Every stochastic process has an initial state. This is mine.

I’ve been writing code for a while now, and contributing fixes to open source projects for almost as long. The pattern is usually the same: I find a library, I profile it, I notice something suboptimal, I open a PR, and then one of two things happens.

Either it gets merged — quietly, without fanfare, as most good patches should — or it gets rejected, usually with a polite explanation that the current approach was chosen deliberately and my “optimization” would break seventeen edge cases I hadn’t considered.

Both outcomes are instructive.

I’m starting this blog to document the process. Not because I think my contributions are particularly noteworthy, but because the methodology is worth recording. Every optimization attempt is, in essence, a hypothesis. Some are confirmed. Most are refined. A few are outright wrong.

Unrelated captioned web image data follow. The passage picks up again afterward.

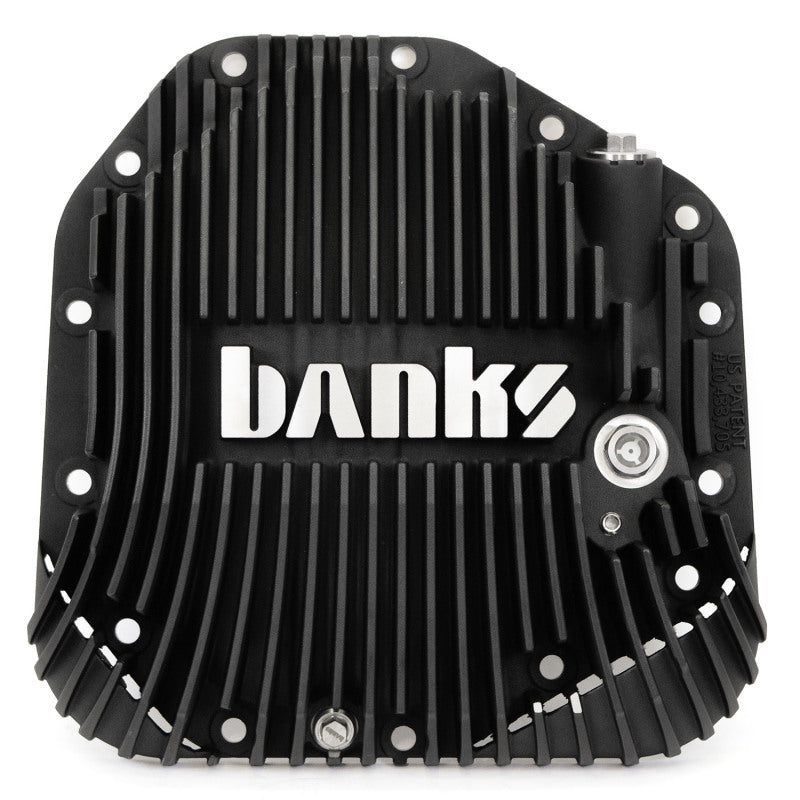 Banks Power 19282 Black Differential Cover w/HW for 17-24 Ford F250/F350 TowPkg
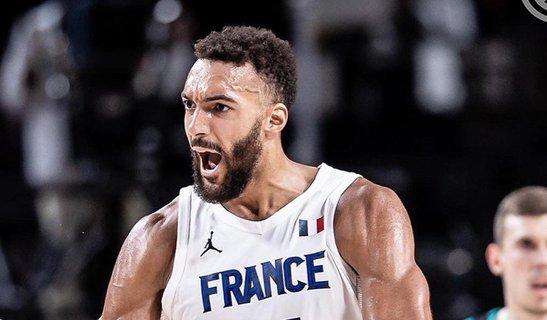 Francia - Rudy Gobert sarà presente a Eurobasket 2022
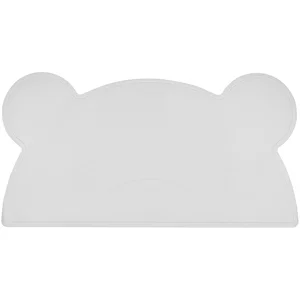 Kindsgut Set de table Ours Gris clair pas cher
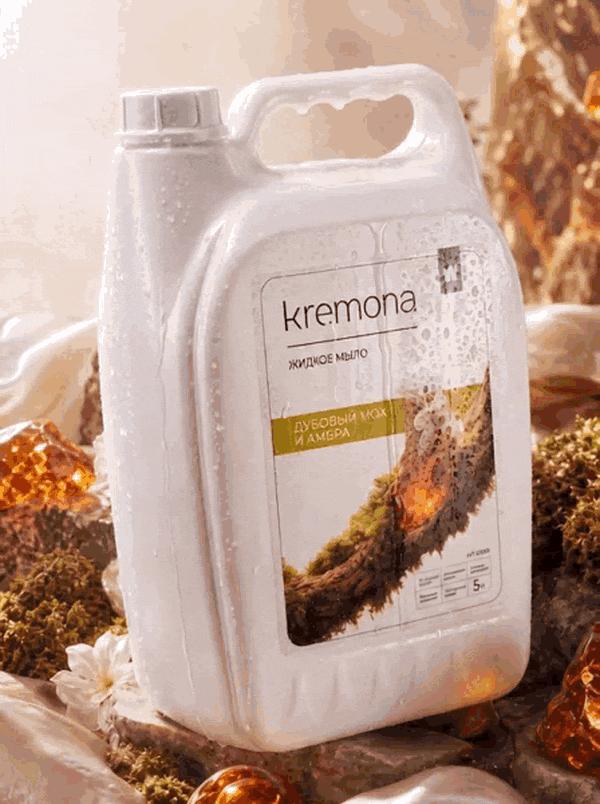 Kremona. Упаковка, айдентика и карточки товаров. — Изображение №3 — Брендинг на Dprofile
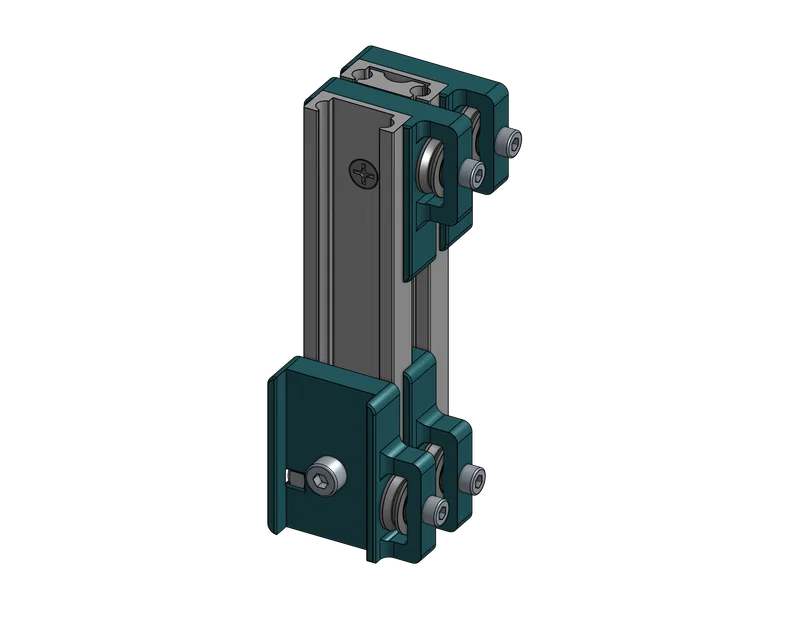 Opinsert - Insert trượt cho Misumi slides trên robot FTC - Image 2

If you’re here because you saw one of my PRs and wanted to understand my reasoning, welcome. If you’re here because you’re interested in probability theory applied to software engineering, also welcome. If you’re here by accident, the probability of that event was nonzero, so I can’t say I’m surprised.

What to expect

  • Contribution logs: what I found, what I changed, whether it worked
  • Post-mortems on rejections: the most interesting data points come from failure
  • Occasional mathematical tangents: I apologize in advance for nothing

Let’s see where this random walk takes us.


P(this blog is useful) > 0. That’s sufficient.